_Exercise aim_.
Could you retype the records word for word but without any pictures?

+ + + +

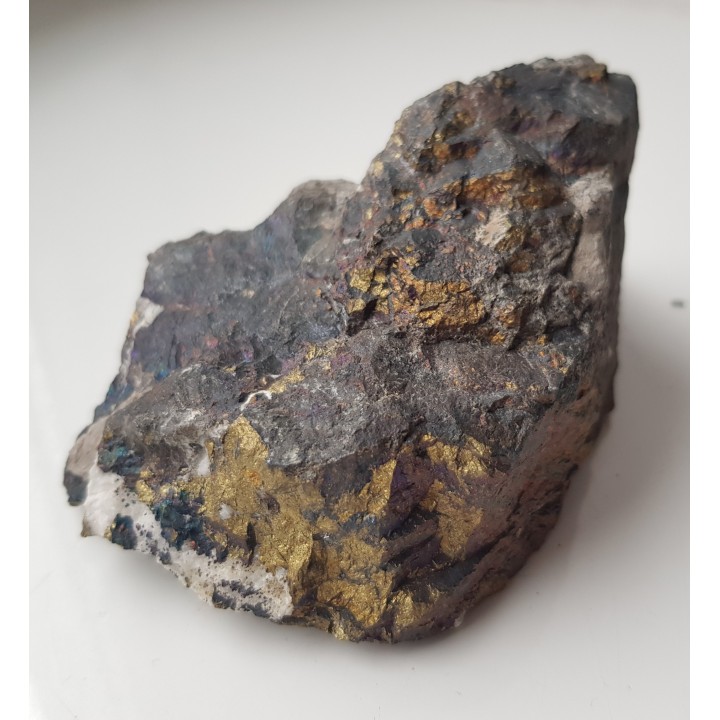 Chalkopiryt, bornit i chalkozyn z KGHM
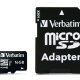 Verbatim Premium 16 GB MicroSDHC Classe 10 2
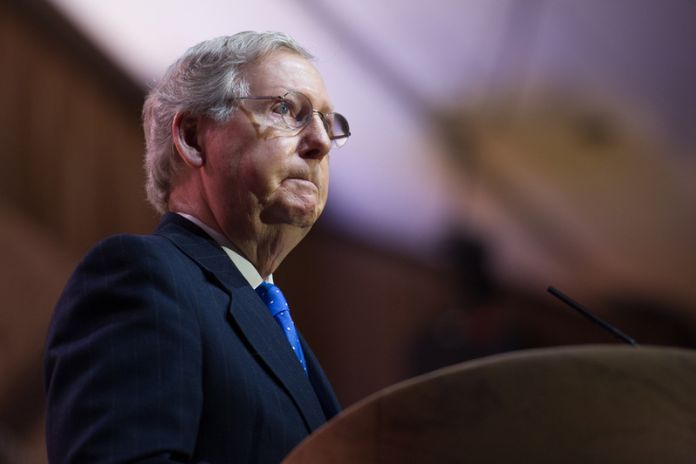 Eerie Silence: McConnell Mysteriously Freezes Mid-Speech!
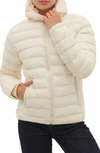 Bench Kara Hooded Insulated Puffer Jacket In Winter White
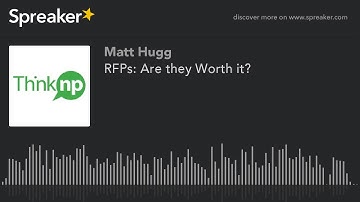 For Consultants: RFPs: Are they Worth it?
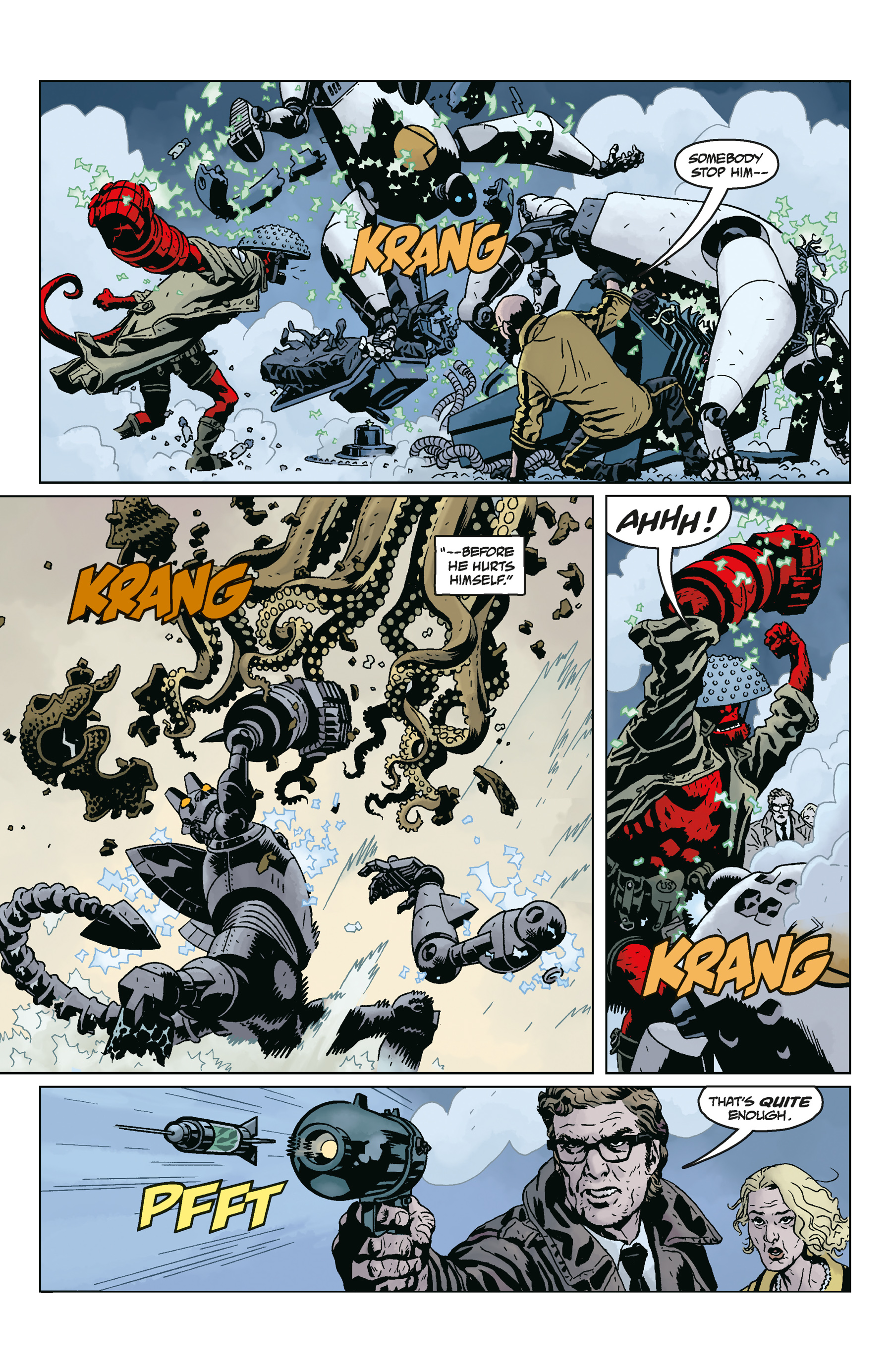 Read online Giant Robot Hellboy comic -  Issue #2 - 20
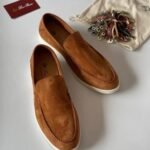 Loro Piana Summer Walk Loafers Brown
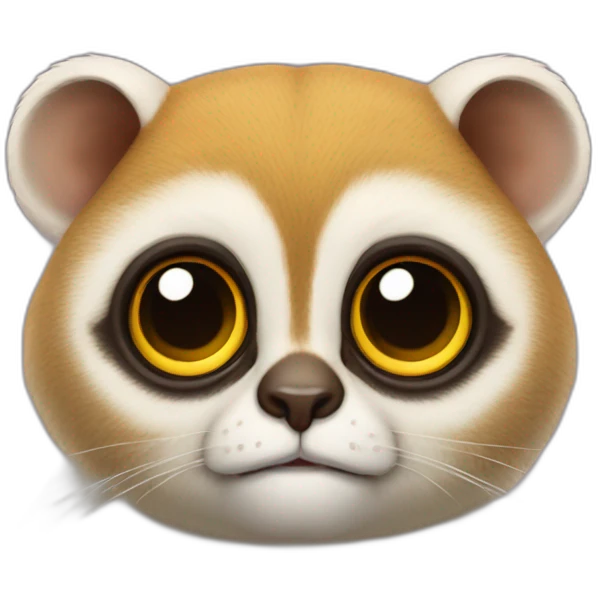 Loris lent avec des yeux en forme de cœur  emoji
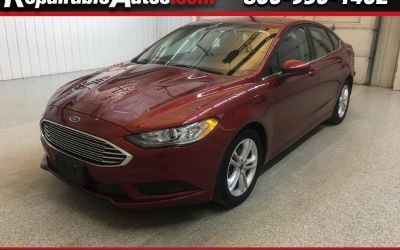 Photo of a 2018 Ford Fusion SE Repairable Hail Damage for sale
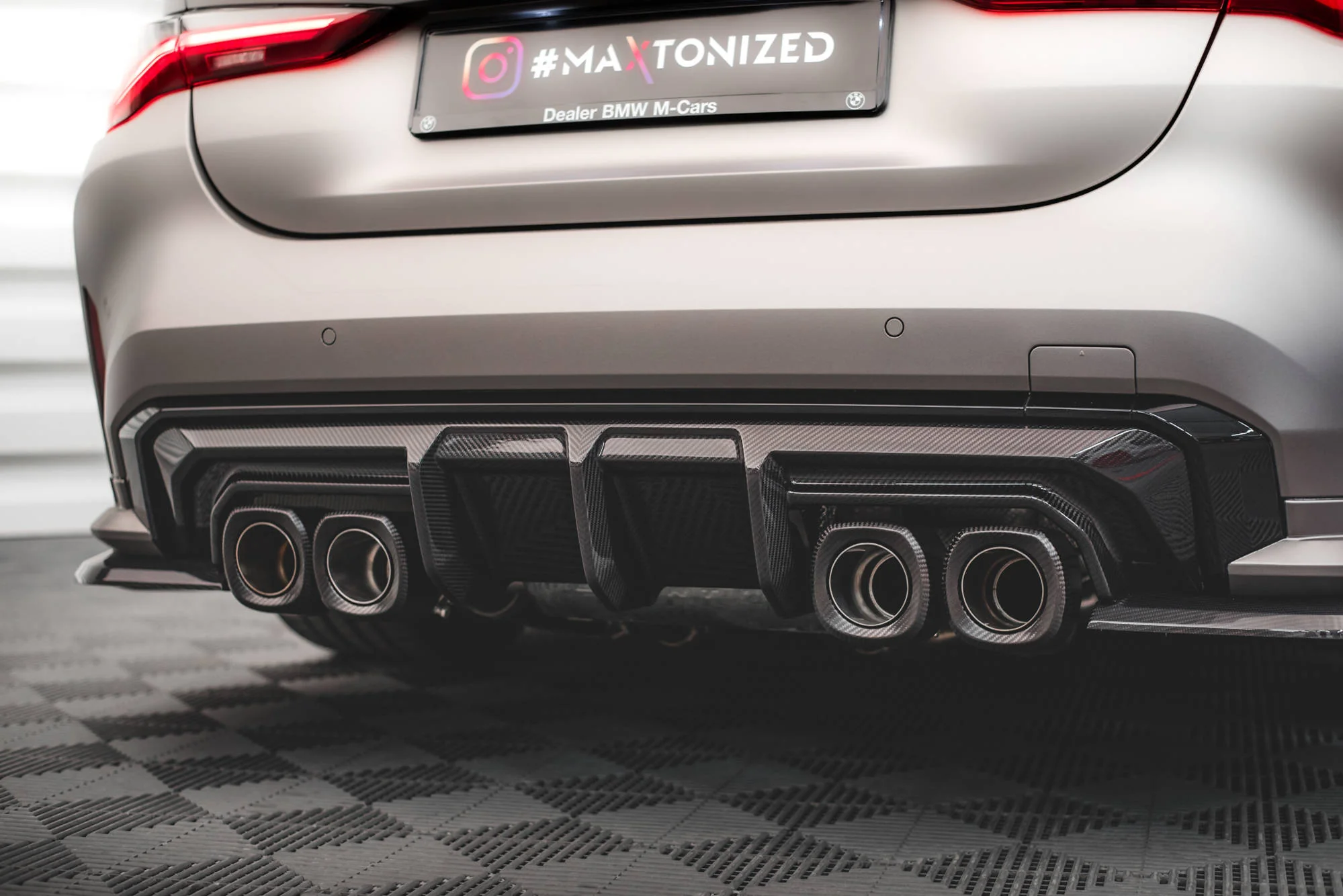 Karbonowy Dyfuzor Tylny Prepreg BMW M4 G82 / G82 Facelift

+ + + +

_The answer_.
 Chalkopiryt, bornit i chalkozyn z KGHM
 Verbatim Premium 16 GB MicroSDHC Classe 10 2
 Eerie Silence: McConnell Mysteriously Freezes Mid-Speech!
 Bench Kara Hooded Insulated Puffer Jacket In Winter White
 For Consultants: RFPs: Are they Worth it?
 Read online Giant Robot Hellboy comic -  Issue #2 - 20
 Loro Piana Summer Walk Loafers Brown
 Loris lent avec des yeux en forme de cœur  emoji
 Photo of a 2018 Ford Fusion SE Repairable Hail Damage for sale
 Karbonowy Dyfuzor Tylny Prepreg BMW M4 G82 / G82 Facelift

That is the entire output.